Cameron has told us that Khan was planning terror attacks on the UK, so the Conservative Government ordered his death in a drone strike on August 22.
How do we know this man was planning terror attacks on the UK? Where is the evidence? Is it in another ‘dodgy dossier’, similar to that in which, according to Tony Blair, he had evidence of weapons of mass destruction in Iraq?
Had this man participated in previous terror attacks? If so, when? Where is the proof that shows him taking part?
Cameron said the UK had taken action in “self-defence”, invoking the right to do so under Article 51 of the UN charter – but Article 51 specifically states that an “armed attack” must take place against a UN member state before any such response.
Apparently, under the ‘Caroline principle’, a pre-emptive strike is permissible if the “necessity of self-defence was instant, overwhelming, leaving no choice of means, and no moment of deliberation”. We have no evidence to show that this was the case.
“It’s extremely alarming that the UK has apparently been conducting summary executions from the air,” Kate Allen, Amnesty International’s UK director told International Business Times. “In following the United States down a lawless road of remote-controlled summary killings from the sky, the RAF has crossed a line.”
On the information we have, she’s right. We’ve seen no evidence of any prior attacks, nor have we seen evidence of the need to prevent future attacks.
All we have seen is an act of murder against a UK citizen by his own government.

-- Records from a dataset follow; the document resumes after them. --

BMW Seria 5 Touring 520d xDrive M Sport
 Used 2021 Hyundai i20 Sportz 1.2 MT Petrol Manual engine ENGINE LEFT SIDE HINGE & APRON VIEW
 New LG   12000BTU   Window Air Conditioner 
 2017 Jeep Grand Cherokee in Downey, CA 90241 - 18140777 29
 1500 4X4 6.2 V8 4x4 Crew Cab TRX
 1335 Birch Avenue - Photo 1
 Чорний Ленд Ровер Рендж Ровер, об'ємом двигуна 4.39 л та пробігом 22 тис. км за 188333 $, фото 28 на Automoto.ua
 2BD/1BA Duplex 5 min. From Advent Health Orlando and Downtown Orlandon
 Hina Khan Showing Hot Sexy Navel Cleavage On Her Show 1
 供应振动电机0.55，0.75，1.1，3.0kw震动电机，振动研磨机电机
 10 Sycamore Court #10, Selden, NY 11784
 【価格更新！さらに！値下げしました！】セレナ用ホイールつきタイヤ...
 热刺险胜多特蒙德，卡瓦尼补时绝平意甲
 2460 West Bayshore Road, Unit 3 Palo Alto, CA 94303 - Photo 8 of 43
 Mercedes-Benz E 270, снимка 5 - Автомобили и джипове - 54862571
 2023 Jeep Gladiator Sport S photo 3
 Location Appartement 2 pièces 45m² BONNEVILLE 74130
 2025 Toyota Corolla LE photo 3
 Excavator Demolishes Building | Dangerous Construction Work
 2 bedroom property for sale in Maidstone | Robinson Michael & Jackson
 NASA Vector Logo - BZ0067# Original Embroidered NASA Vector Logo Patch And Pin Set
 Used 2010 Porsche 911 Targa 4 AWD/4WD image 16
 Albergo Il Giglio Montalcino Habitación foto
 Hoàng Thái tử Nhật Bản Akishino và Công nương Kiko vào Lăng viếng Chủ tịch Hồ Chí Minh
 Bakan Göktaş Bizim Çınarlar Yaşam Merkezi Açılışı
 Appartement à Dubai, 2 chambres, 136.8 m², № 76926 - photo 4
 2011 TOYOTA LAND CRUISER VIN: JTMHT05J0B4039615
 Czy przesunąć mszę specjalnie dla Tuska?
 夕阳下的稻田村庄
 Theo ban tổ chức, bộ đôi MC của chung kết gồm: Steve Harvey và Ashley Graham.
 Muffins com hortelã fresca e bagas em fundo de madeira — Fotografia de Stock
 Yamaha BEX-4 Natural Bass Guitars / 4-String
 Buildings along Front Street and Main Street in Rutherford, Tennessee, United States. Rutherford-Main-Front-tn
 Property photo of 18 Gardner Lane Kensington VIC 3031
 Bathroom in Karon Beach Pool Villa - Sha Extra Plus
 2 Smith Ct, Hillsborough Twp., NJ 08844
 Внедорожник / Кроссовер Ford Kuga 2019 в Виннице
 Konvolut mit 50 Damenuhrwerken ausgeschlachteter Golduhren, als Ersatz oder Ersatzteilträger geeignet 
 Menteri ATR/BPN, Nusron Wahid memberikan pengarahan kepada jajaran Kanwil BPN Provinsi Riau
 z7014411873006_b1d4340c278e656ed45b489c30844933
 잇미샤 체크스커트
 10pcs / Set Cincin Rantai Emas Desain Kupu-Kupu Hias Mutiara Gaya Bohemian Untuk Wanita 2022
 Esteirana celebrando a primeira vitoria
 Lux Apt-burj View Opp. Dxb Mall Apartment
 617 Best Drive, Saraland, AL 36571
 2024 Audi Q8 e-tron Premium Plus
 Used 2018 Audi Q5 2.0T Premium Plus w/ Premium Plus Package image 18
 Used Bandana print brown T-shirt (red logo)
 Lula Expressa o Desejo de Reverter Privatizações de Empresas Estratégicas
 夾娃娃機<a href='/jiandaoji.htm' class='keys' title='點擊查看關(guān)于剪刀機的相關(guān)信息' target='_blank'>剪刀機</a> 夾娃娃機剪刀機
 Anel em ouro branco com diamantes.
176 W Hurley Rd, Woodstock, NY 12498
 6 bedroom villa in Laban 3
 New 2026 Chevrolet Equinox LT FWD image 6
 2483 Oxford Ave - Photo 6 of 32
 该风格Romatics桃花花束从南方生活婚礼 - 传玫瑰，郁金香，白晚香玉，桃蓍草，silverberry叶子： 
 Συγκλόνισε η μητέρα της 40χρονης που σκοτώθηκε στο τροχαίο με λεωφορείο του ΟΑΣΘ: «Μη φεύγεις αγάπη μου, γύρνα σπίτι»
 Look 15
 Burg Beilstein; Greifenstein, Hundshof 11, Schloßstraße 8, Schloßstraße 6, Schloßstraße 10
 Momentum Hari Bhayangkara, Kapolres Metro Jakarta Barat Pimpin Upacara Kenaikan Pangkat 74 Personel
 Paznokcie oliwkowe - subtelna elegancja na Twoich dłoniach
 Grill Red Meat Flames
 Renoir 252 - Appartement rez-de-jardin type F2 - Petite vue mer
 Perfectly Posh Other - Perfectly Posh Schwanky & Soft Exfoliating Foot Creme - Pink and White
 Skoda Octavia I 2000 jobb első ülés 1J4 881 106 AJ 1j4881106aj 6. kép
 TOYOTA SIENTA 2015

Even more worrying is the claim that defence secretary Michael Fallon has a “kill list” of alleged terrorists operating in the Middle East. He is on record as having said the Conservatives “wouldn’t hesitate to do it again”.
Until we see the evidence of terrorist activity, the British public should not see the death of Reyaad Khan as anything other than a war crime.
The onus on David Cameron, Michael Fallon and their co-conspirators is to deliver this evidence at once – or deliver themselves to The Hague for trial.